Task requirements |
Starting at the top of the records below, write out each line exactly as it stands, stopping after the line with "Smart Hexagon LED"; exclude the pictures.

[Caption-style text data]
• • •
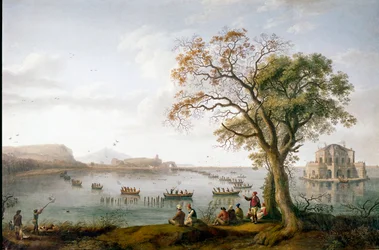 The Coot Hunt of Ferdinand I of the Two Sicilies on Lake Fusaro near Naples, Italy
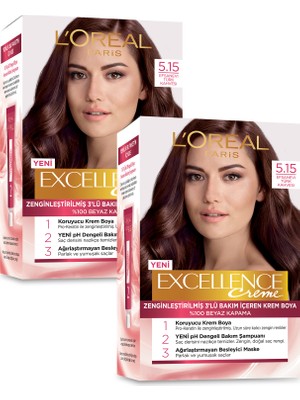 L'Oréal Paris Excellence Creme Saç Boyası 5.15 Efsanevi Türk Kahvesi x 2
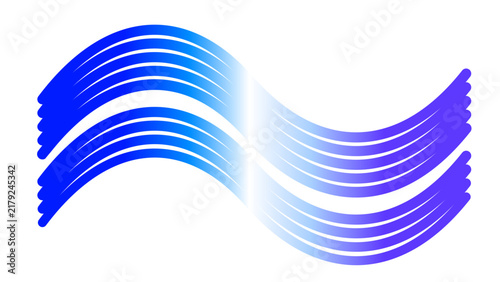 Abstract blue wave lines flow horizontally across a white background.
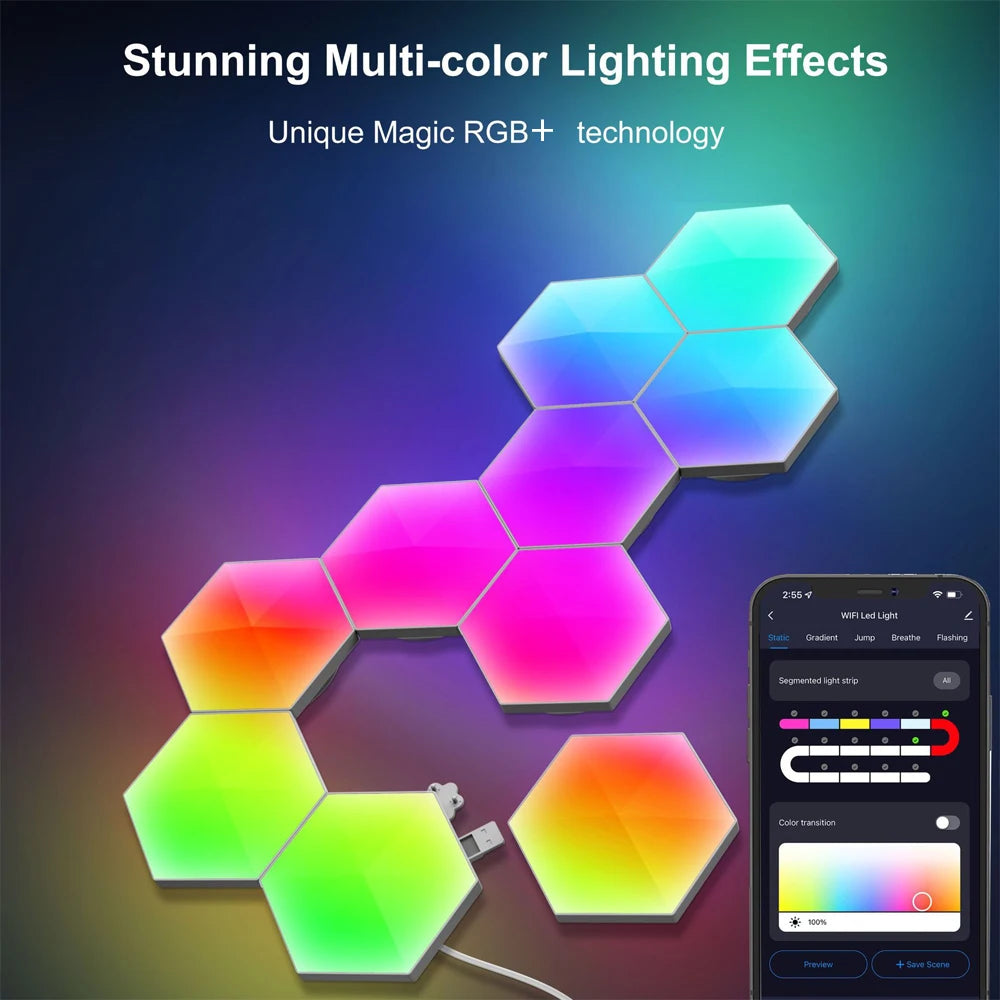 Smart Hexagon LED Wall Panels (6-Pack) – App & Voice Controlled Ambient Lighting
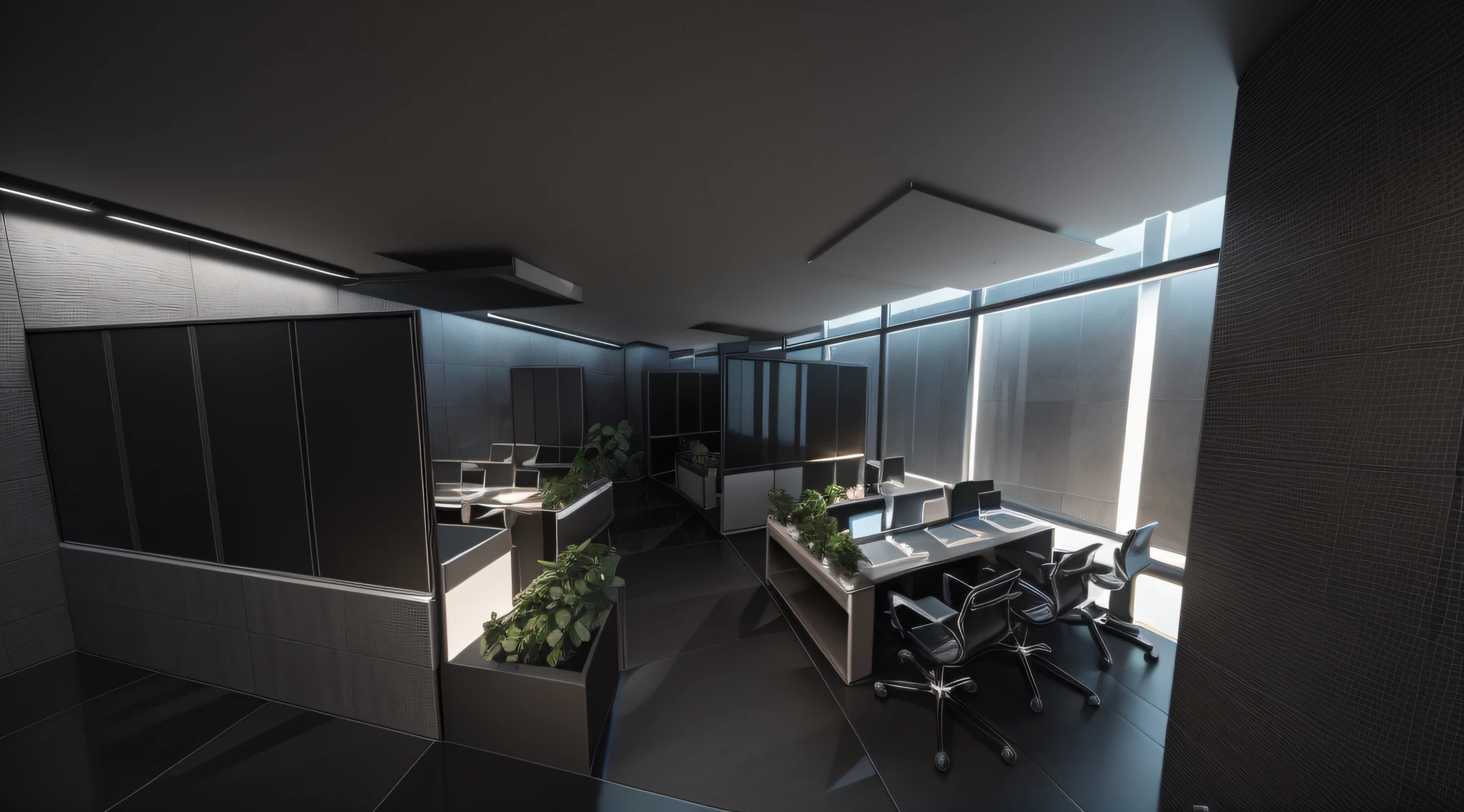 photo realistic, hd high res ultra high quality view ,white wall, white ceiling, high quality dark grey tiles, Clear glass, metal black frame around glass, metal black frame ,planter, office chair, laptop with mouse, wooden rack, white column,wooden partitions, green plants, Glass top for the table, perfect composition, beautiful detailed intricate insanely detailed octane render trending on attestation, 8 k artistic photography, photo realistic concept art, soft natural volumetric cinematic perfect light, chiaroscuro, award - winning photograph, masterpiece, 3d rendering, front view plan, realistic,hyper realistic, intricate detals,hd details,128k,(sharp lines)(use vivid multi dark colors)(3d rendering)((dark grey tiles floor))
• • •
Answer to this problem |
 The Coot Hunt of Ferdinand I of the Two Sicilies on Lake Fusaro near Naples, Italy
 L'Oréal Paris Excellence Creme Saç Boyası 5.15 Efsanevi Türk Kahvesi x 2
 Abstract blue wave lines flow horizontally across a white background.
 Smart Hexagon LED Wall Panels (6-Pack) – App & Voice Controlled Ambient Lighting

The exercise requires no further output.